Statement of intent: article about character encoding and bytes (with some initial material)

This is rough at the moment.
Below is initial UTF-8 BOM material, that was reduced to have more of a
focus on the question. I'd like to re-use the byte stuff (mostly nearer
the bottom).
I think this would be a useful article, because I don't think it's
explained simply in one place. Also, it's crucial to the I18N and as
such, should be 
GEO-ed.
 
---------------------------
 
NEW ARTICLE: CHARACTER ENCODING AND BYTES
 
AREAS TO COVER
 
- How it works without Unicode in terms of bytes
- Unicode encoding's use of multiple bytes and how that varies across
different bytes.
- Implications, eg, 'heavier' character representation.
 
---------------------------
 
WHAT IS THE UNICODE BOM (BYTE ORDER MARK)?
 
The encoded Unicode Scalar Value (unique reference to a character
defined within the Unicode repertoire) corresponding to the Unicode
character "Zero Width 
Non-Breaking Space", whose sequence of byte-values is judged to be
unlikely to occur at the beginning of any 'normal' text file. 
 
A Unicode BOM has two purposes:
            - for UTF-16/32, it indicates the order in which bytes
should be interpreted (big Endian/little Endian), since the 'unit of
encoding' is greater than 
one byte for both of these encodings, unlike UTF-8; this is the primary
purpose of a BOM.
            - to identify a plain text file as containing Unicode text;
this is a secondary 'purpose'.
            
            
WHERE DOES IT OCCUR WITHIN BBC WS NEW MEDIA?
 
In Notepad files used to create HTML files/Apache includes, when saving
as UTF-8.
 
In BBC World Service New Media, we came across the BOM when working with
languages, which, for the web, required to be encoded in UTF-8 (we
currently use 
UTF-8 only when there is no other alternative); those languages are
Hindi, Pashto, Persian, Urdu, Vietnamese). For those languages, our
current process is to 
request translations of 'furniture' vocabulary, such as navigation
words, 'Latest News', etc. These translations are supplied from the BBC
Language Services 
in MS Word. 
            - We create HTML navigational includes using MS Notepad.
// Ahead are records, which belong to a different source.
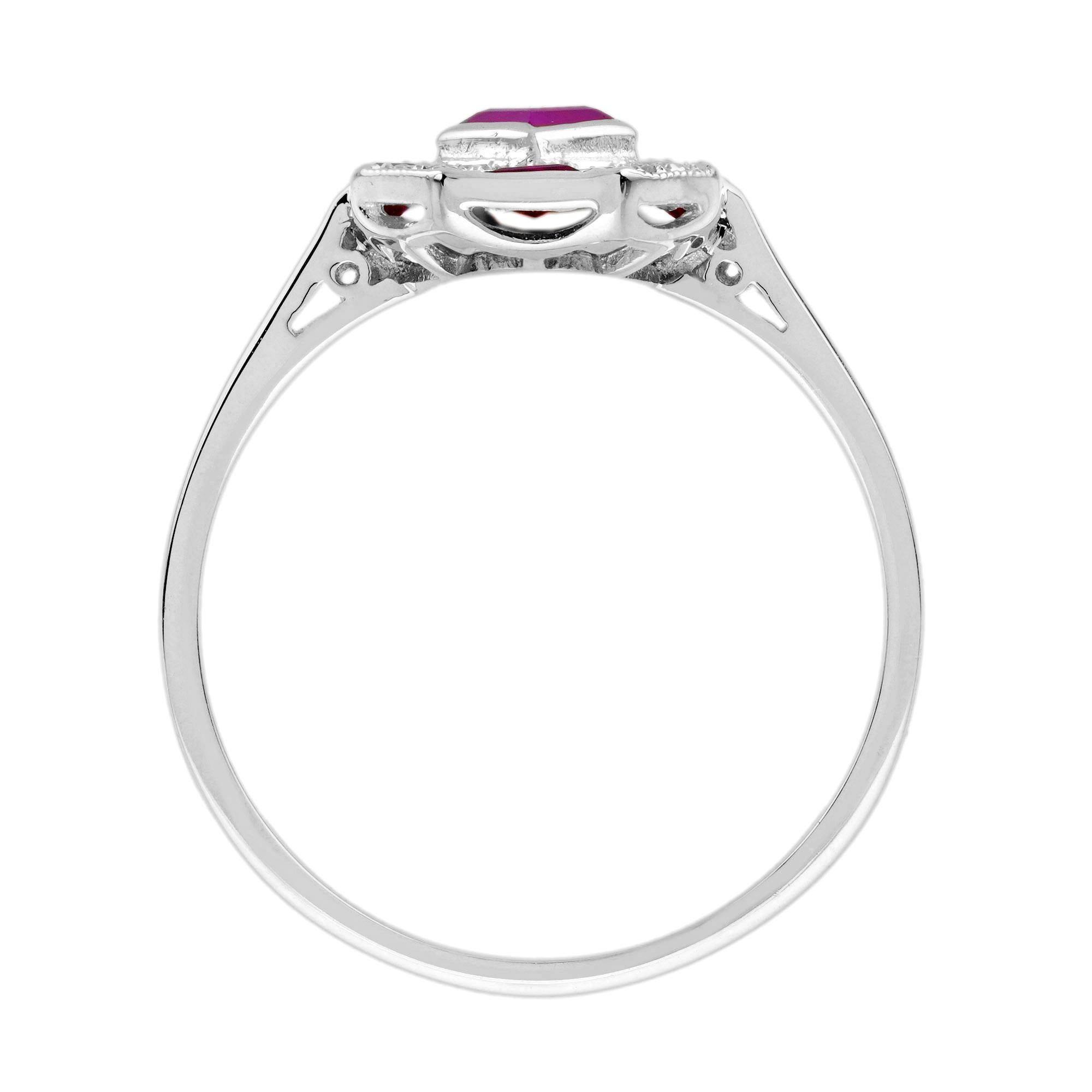 Anillo Rombo Rubí y Diamante Mosaico de Oro Blanco Estilo Art Decó en Excelente estado para la venta en Oakton, VA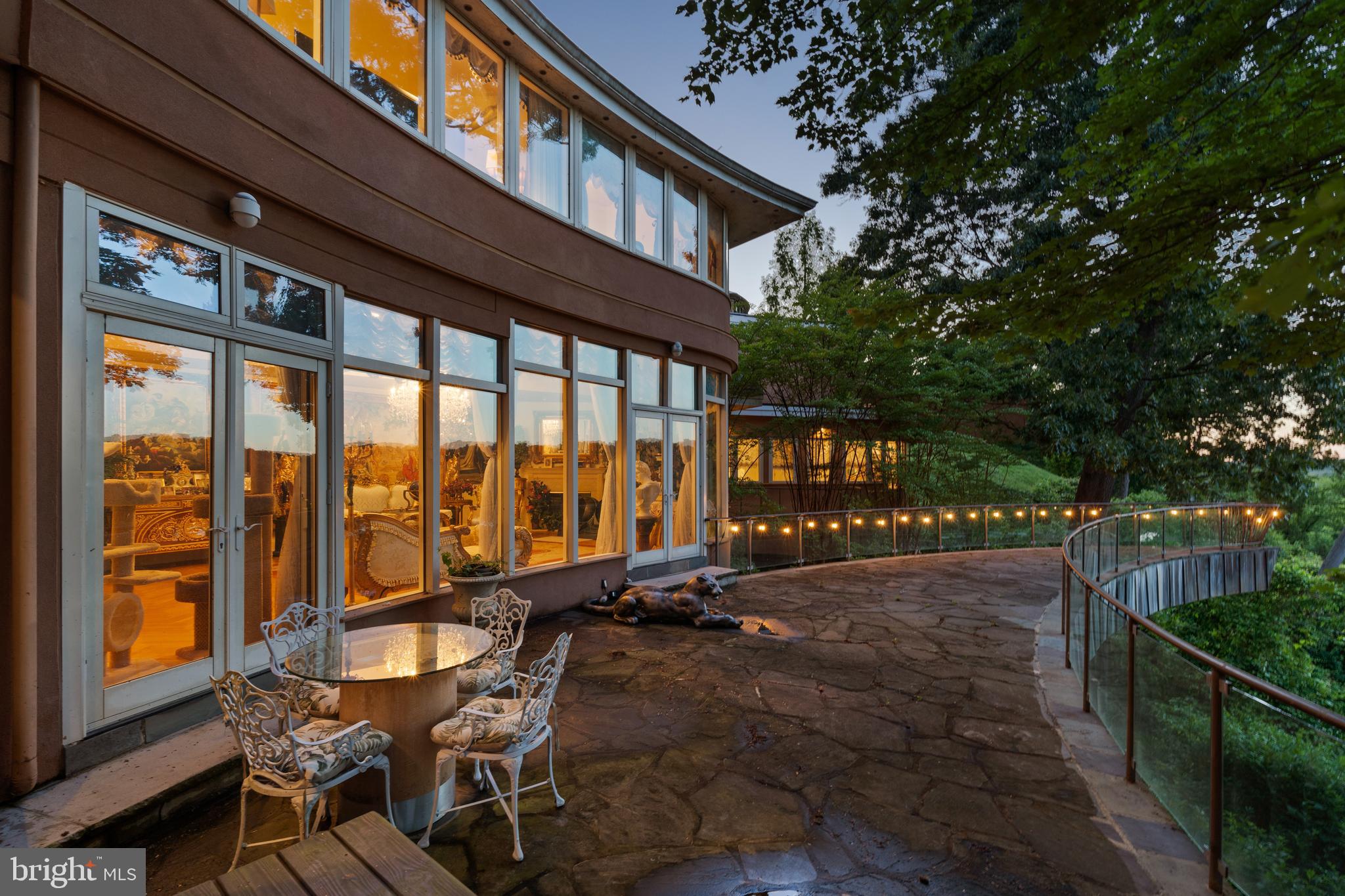 CHAIN BRIDGE - Residential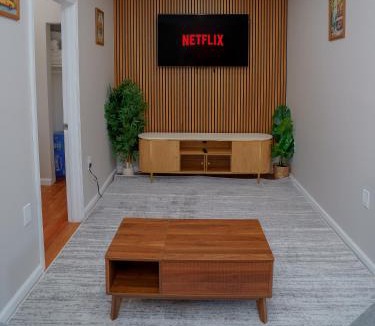 The Heights Apartment | Ny Gateway Arcade Table Tennis 15m to NYC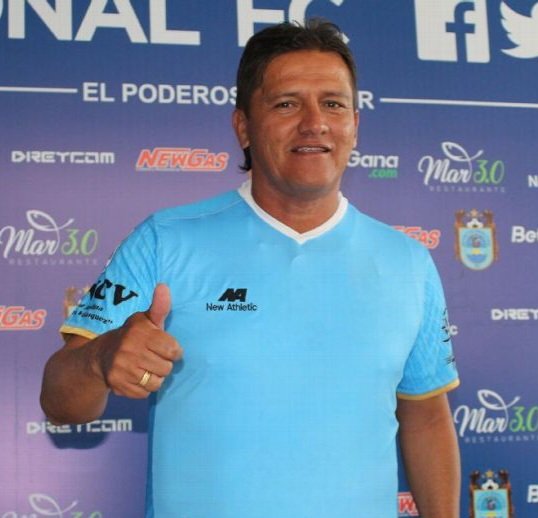 El tolimense FlabioTorres es nuevo técnico del Real Potosí de Bolivia en remplazo del brasileño Cleibson Ferreira. Su asistente será Pedro Luis Alzate y el preparador físico Jhonny Castañeda. <a href="/joseflabio/">Jose Flabio Torres S</a> vuelve a Bolivia después de dirigir al Always Ready y al Nacional Potosí.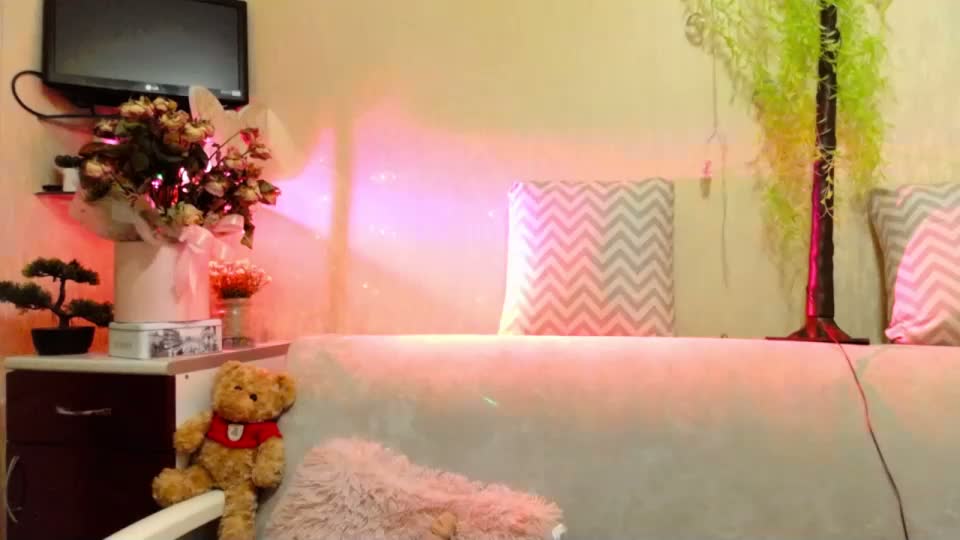 susiexnoreen Adult Chat August 24, 2026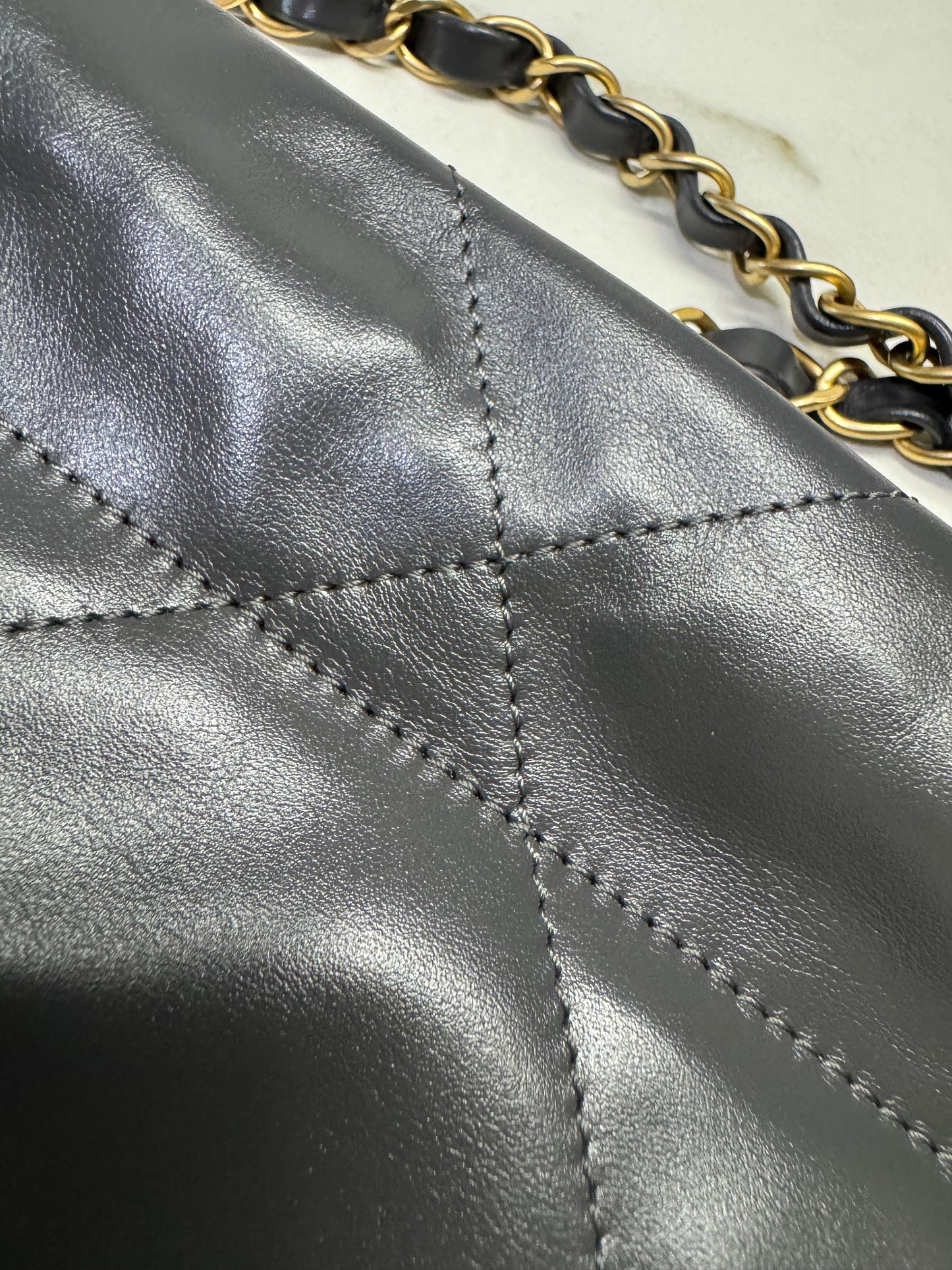 CHANEL 22Bag 小號 深灰色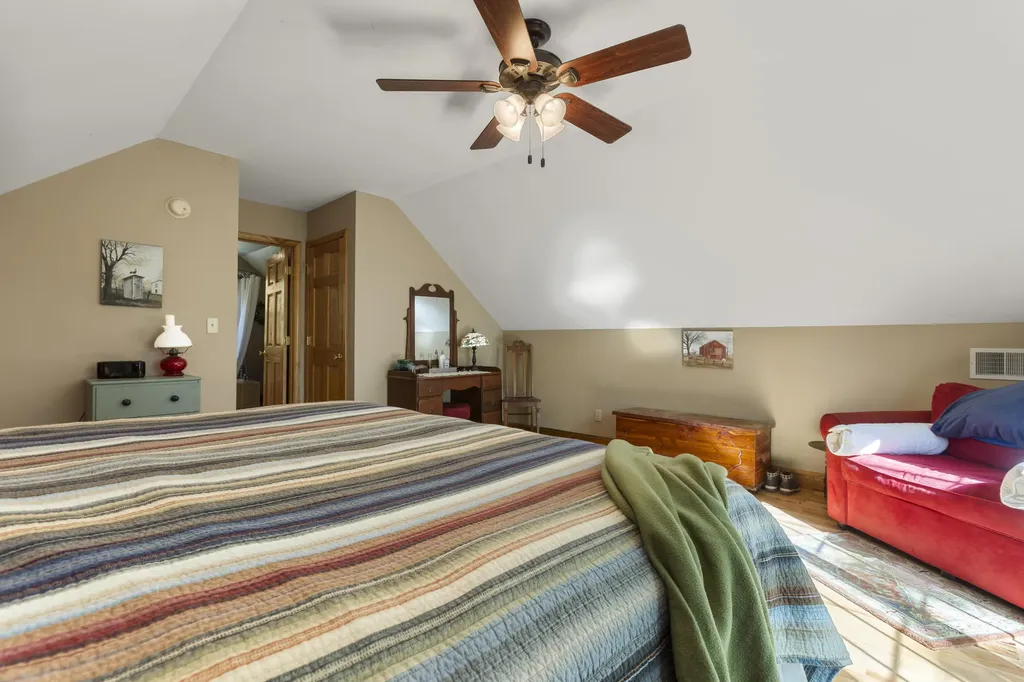 7468 Hardwicks Creek Road Clay City KY 40312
            - We create language service configuration files for use in
XSL processing.
            
            
PROBLEMS
 
In MS Notepad, the Unicode BOM does not appear on-screen when editing
the file; however, once uploaded and viewed via the web, the BOM appears
as a space 
above the included text. In the case of UTF-8, it appears to serve no
purpose. In order to remove the extraneous space, the file is opened in
Macromedia 
Homesite, where the BOM appears as 3 characters, which are deleted
(corresponding the values EF BB BF, which is the UTF-8 encoding for the
U+FFEF Zero Width 
Non-Breaking Space Unicode character used for the BOM). It would seem
that the second above-identified purpose of the Unicode BOM is
superfluous; the first 
above-identified purpose is irrelevant to UTF-8 anyway.
 
 
MISUNDERSTANDINGS
 
I had thought that the different encodings (UTF-8, UTF-16, UTF-32) of
the Unicode character repertoire, represented different (sub)sets of
that repertoire. I 
had thought that any UTF-8 encoding carried double the weight of the
presented text (as opposed to the mark-up of that presented text).
 
To understand the Unicode BOM I had to understand the following...
 
 
SO WHY ARE THERE THREE DIFFERENT UNICODE ENCODINGS, IF THEY CAN ALL
REPRESENT THE SAME (UNIVERSAL) CHARACTER REPERTOIRE?
 
The 3 different Unicode encodings are UTF-8, UTF-16 and UTF-32. Each
encoding can refer to each and every value in the Unicode repertoire.
The choice of 
Unicode encoding depends on language and efficiency. 
 
 
HOW DOES THE UNICODE BOM EFFECT EACH ENCODING?
 
The Unicode BOM primarily indicates the order in which byte(s) should be
'translated' into the corresponding Unicode Scalar Value. 
 
To understand, it is important to understand that:
 
            In regard to the the Unicode encodings (UTF-8, UTF-16,
UTF-32):
 
                        - UTF-8 is encoded using 1-4 bytes. In UTF-8,
the smallest indivisable unit of meaning is 1 byte. That byte either
represents a given Scalar 
Value in the Unicode repertoire or indicates that a Scalar Value cannot
be obtained with only 1 byte and the system needs to look at subsequent
bytes.
                        
                        Unicode character
UTF-8 byte 1     UTF-8 byte 2     UTF-8 byte 3     UTF-8 byte 4
                        
                        0000 to 007F (ASCII)
01xxxxxx
                        0080 to 07FF
110xxxxx                                  10xxxxxx
                        0800 to FFFF
1110xxxx                                  10xxxxxx
10xxxxxx
                        10000 to 10FFFF
11110xxx                                  10xxxxxx
10xxxxxx                                  
10xxxxxx
                        
                        
                        
                        , where the first byte indicates how many
further bytes have been used to encode the given Scalar Value in the
Unicode repertoire for the 
character being encoded. 
                        
                        The bytes can be seen as discrete in that the
first byte indicates how many (if any) further bytes are required to
identify the Unicode 
Scalar Value. 
                        
                        
                        The values in the Unicode repertoire from 0-127
represent the ASCII (non-extended set). As 'low' values, these can be
represented in a single 
byte.
 
                        - UTF-16 is encoded using 2 or 4 bytes (mostly
2). Where 4 bytes are required to represent a value in the Unicode
repertoire at the higher 
end, the first 2 bytes use a reserved value to indicate that a 2nd 2
bytes are required to identify the Unicode Scalar Value.
 
                        - UTF-32 is always encoded using 4 bytes.
            
            Where there are encodings which require more than 1 byte
(eg, UTF-16, UTF-32), a system may read those bytes from 'least
significant numerical value 
to most significant numerical value' or 'most significant numerical
value to least significant numerical value' depending on whether it is
'little endian' or 
'big endian' respectively.
            
            To illustrate this, take the decimal number 'twenty-five'.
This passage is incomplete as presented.